As much of an enemy as hunger was the cold. With communications still interrupted, only a minimum of fuel reached Paris during that particularly cold winter of 1940–1. Worst of all was the plight of the inactive—writers, teachers, artists and unemployed—unable to keep warm in their freezing habitations. Sunday, day of rest, was the day most dreaded by the workers. The mortality rate soared. By 1941–2 it was 62 per cent over the 1938 level for the western areas of Paris, and revealingly only 38 per cent up in the working-class districts of eastern Paris.

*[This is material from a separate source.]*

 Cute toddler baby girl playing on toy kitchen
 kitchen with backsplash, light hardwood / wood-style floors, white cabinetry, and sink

For the less privileged Parisians there was not even the possibility of driving into the countryside to fill their cars with food. There was no petrol for civilians, and only 7,000 cars were actually licensed in Paris. A vigilant Feldgendarmerie checked all traffic and permits; on Sundays only Germans were allowed to drive at all. As a means of transportation (apart from the key Métro, which kept running), bicycles took over. Within the first three months of the Occupation 22,000 were reported stolen in Paris. Then came the strange-looking vélo-taxis, often seen propelled by an emaciated woman, with two strapping Germans and their girlfriends in the cart-like trailer.

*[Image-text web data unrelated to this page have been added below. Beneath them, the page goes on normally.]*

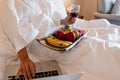 The hand of Young woman that hold wine glass And Sit play laptop In a luxurious room Ready Fruit Royalty Free Stock Photo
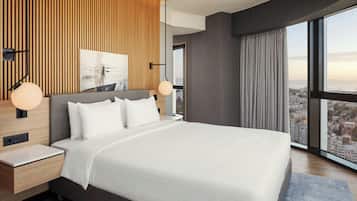 Habitación de hotel moderna con una cama grande, un panel de pared de madera, vista a la ciudad y una mesita de noche con una lámpara.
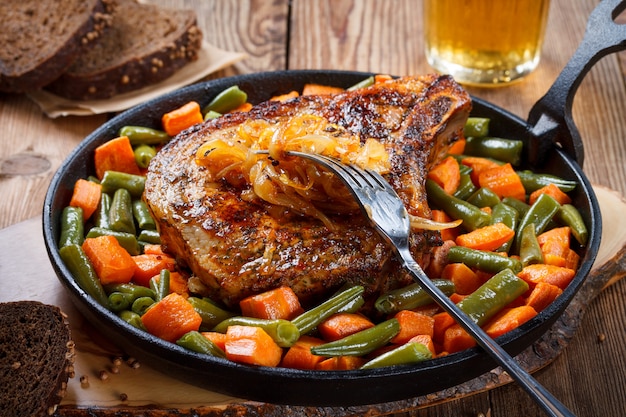 Bistecca alla griglia da carne di maiale con cipolle fritte, fagiolini e carote in una padella su un fondo di legno naturale.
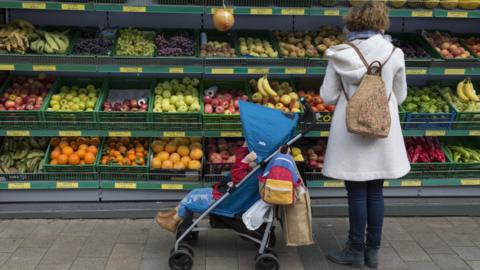 Mother and child buy fruit at the supermarket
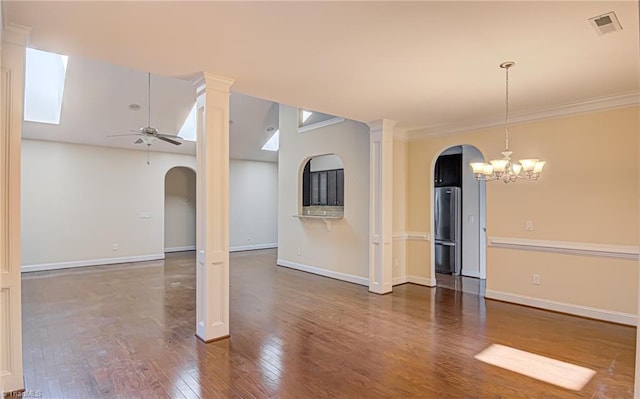 spare room featuring arched walkways, decorative columns, ornamental molding, hardwood / wood-style floors, and ceiling fan with notable chandelier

Apart from the poor, there was one particular section of Parisians that, by definition, suffered worse than any other. No sooner had the Occupation established itself than Jews were forbidden to stand in food queues. By 27 September 1940, the German authorities had issued the first ordonnances proscribing the Jews in France, the jaws of the deadly trap which would close around them. Vichy followed suit with its own statute a week later, defining what constituted a Jew. In Paris the Jews then numbered some 150,000, or roughly half the total in France.

Life became progressively more difficult for the Jews of Paris as with swift relentlessness new restrictions and proscriptions were imposed. Property and business premises were requisitioned. Jewish professors were forced to resign from the Sorbonne, as being hostile to the German Reich. Jewish writers were prevented from publishing, Jewish artists from exhibiting. Jews were forbidden to use public telephones. In September 1941 a massive exhibition was mounted in the Palais Berlitz on the Boulevard des Italiens entitled “Le Juif et la France.” Designed to whip up anti-Semitism among Parisians, over 200,000 visited; there were no known protests, criticism or demonstrations against it. Then came the enforced wearing of the yellow star, the dreadful stigma of the east European ghetto under Hitler. Parisian reactions to it were mixed. Some Jews wearing it were insulted in the street, and children at school were mocked by their classmates. On the other hand, there were many cases of words of sympathy expressed in the Métro, one of the few places Jews could frequent, and there were a few brave examples of disgusted Parisian Gentiles actually volunteering to wear the yellow star themselves.